Active Stereo in the Wild through Virtual Pattern Projection


Journal Extension


Luca Bartolomei
Matteo Poggi
Fabio Tosi
Andrea Conti
Stefano Mattoccia

University of Bologna
Paper Code

Virtual Pattern Projection for deep stereo. Either in challenging outdoor (top) or indoor (bottom) environments (a), stereo networks like RAFT-Stereo (top) or PSMNet (bottom) struggle (b). By projecting a virtual pattern on images (c), the same networks dramatically improve their accuracy without retraining (d). Training the models to deal with the augmented images (e) further reduces errors.




Abstract

"This paper presents a novel general-purpose stereo and depth data fusion paradigm that mimics the active stereo principle by replacing the unreliable physical pattern projector with a depth sensor. It works by projecting virtual patterns consistent with the scene geometry onto the left and right images acquired by a conventional stereo camera, using the sparse hints obtained from a depth sensor, to facilitate the visual correspondence. Purposely, any depth sensing device can be seamlessly plugged into our framework, enabling the deployment of a virtual active stereo setup in any possible environment and overcoming the severe limitations of physical pattern projection, such as the limited working range and environmental conditions. Exhaustive experiments on indoor and outdoor datasets featuring both long and close range, including those providing raw, unfiltered depth hints from off-the-shelf depth sensors, highlight the effectiveness of our approach in notably boosting the robustness and accuracy of algorithms and deep stereo without any code modification and even without re-training. Additionally, we assess the performance of our strategy on active stereo evaluation datasets with conventional pattern projection. Indeed, in all these scenarios, our virtual pattern projection paradigm achieves state-of-the-art performance."



Method


1 - Problems

  1. Given a pair of stereo images, stereo algorithms try to resolve the so called "correspondence problem". This problem is not always easy: uniform areas such as the wall shown in the figure make the problem ambiguous. Furthermore, given learning nature of stereo networks, they suffer when dealing with unseen scenarios. This latter problem is also called domain shift.

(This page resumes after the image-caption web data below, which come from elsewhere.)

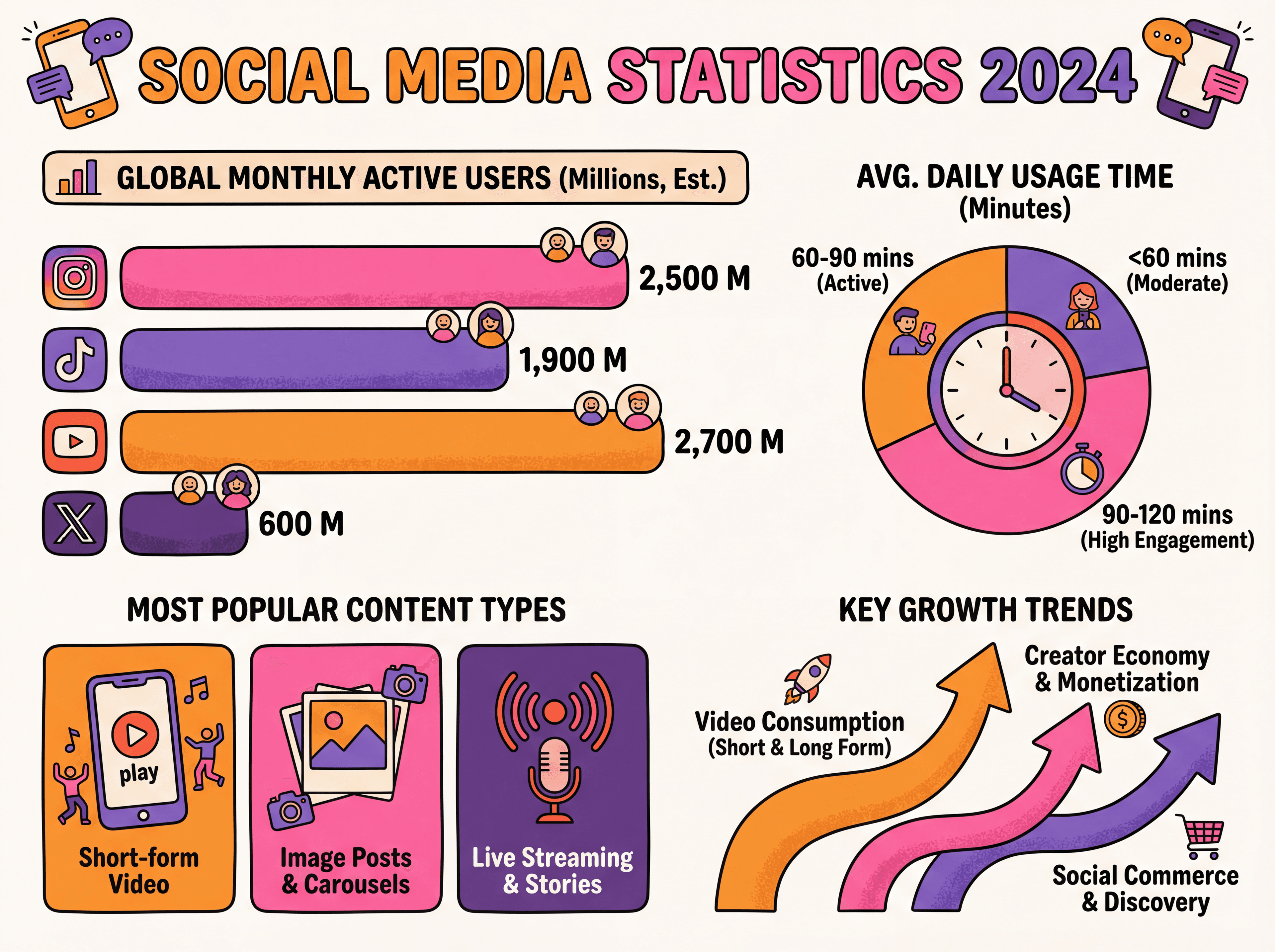 Colorful style - Social Media Statistics 2024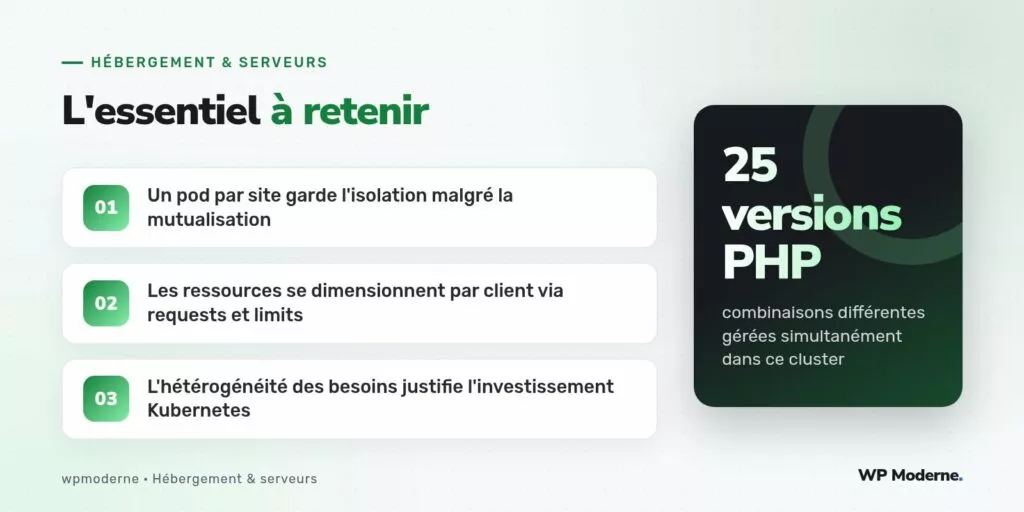 L'essentiel à retenir : Un pod par site garde l'isolation malgré la mutualisation ; Les ressources se dimensionnent par client via requests et limits ; L'hétérogénéité des besoins justifie l'investissement Kubernetes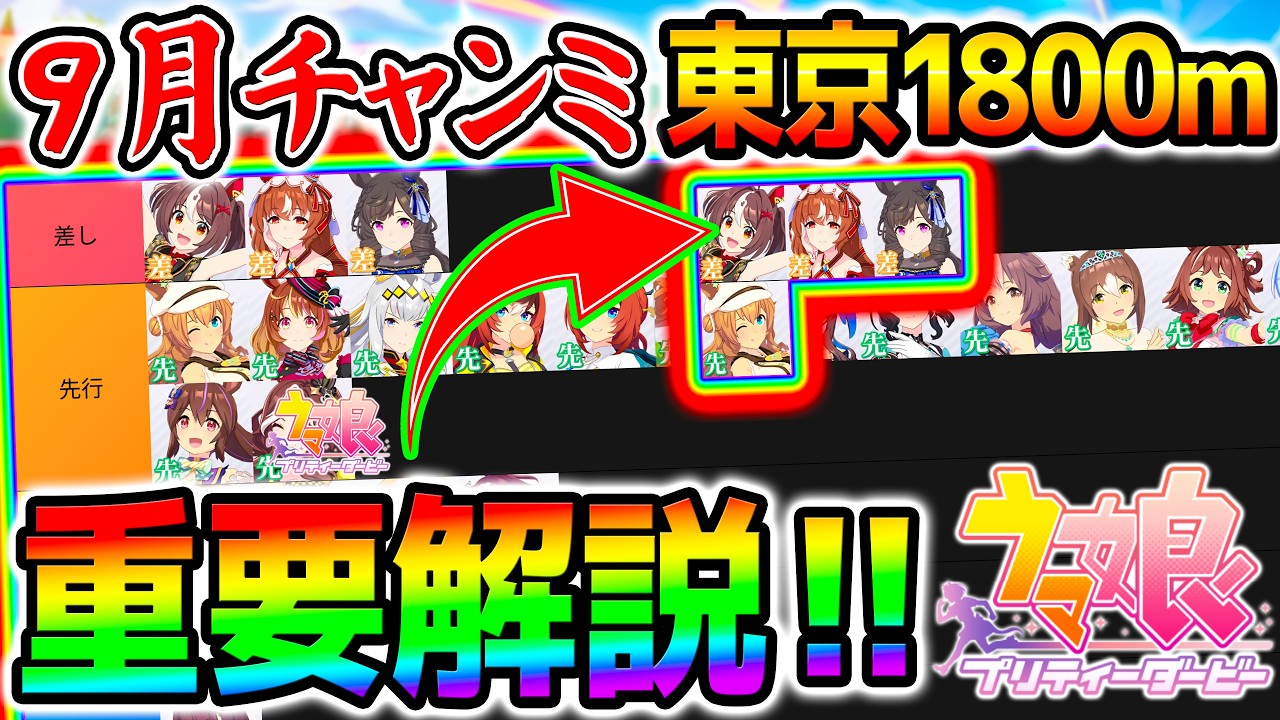 【ウマ娘】9月チャンミ『先取り重要解説！』東京1800mで強い加速スキルや最強ウマ娘は？【毎日王冠 サイレンススズカ ハフバ攻略解説 Umamusume ウマ娘プリティーダービー ハーフアニバーサリー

    Performance on uniform areas. Even recent stereo network struggles with uniform areas.

  2. Active stereo deal with ambiguous regions using a physical pattern projector which aims to ease correspondences. However, a pattern projector is not feasible in outdoor scenarios where ambient light cancel out the projected pattern. Furthermore, active light decreases proportionally to the square of the distance: consequentially active stereo cannot deal with long distances.

    Performance of active pattern. Even in a indoor scenario, active light decreases proportionally to the square of the distance. As soon as we move in an external environment, the projected light is dimmed by the external light.

2 - Proposal

  1. Inspired by active stereo, our technique, dubbed as VPP, virtually project a pattern into stereo image pair according to sparse depth measurements. We assume a calibrated setup composed by stereo camera and a depth sensor appropriate for the final environment.

    Potential of our proposal. Previous shown network, even trained on synthetic data, dramatically improves its accuracy when coupled with our framework, even with few sparse points.


    Appropriate depth sensor choice. LiDAR sensor is well suited for outdoor environments.

  2. Our proposal outperforms state-of-the-art fusion methods even with few depth points such as 1% of the whole image. Finally, as shown in the figure, virtual pattern reduce domain shift issue without requiring an additional training procedure.

    (A) (B) (C)
    (D)

    Appropriate depth sensor choice. Previous shown network trained on synthetic data struggles (A) when dealing on new environment. Fine tuning the network in final scenario (B) improves accuracy but require annotated data. Using our framework in combination with CFNet shows an ability to tackle domain shift issues (C), even with low amount (5%) of sparse points. Last figure (D) shows ground-truth disparity map.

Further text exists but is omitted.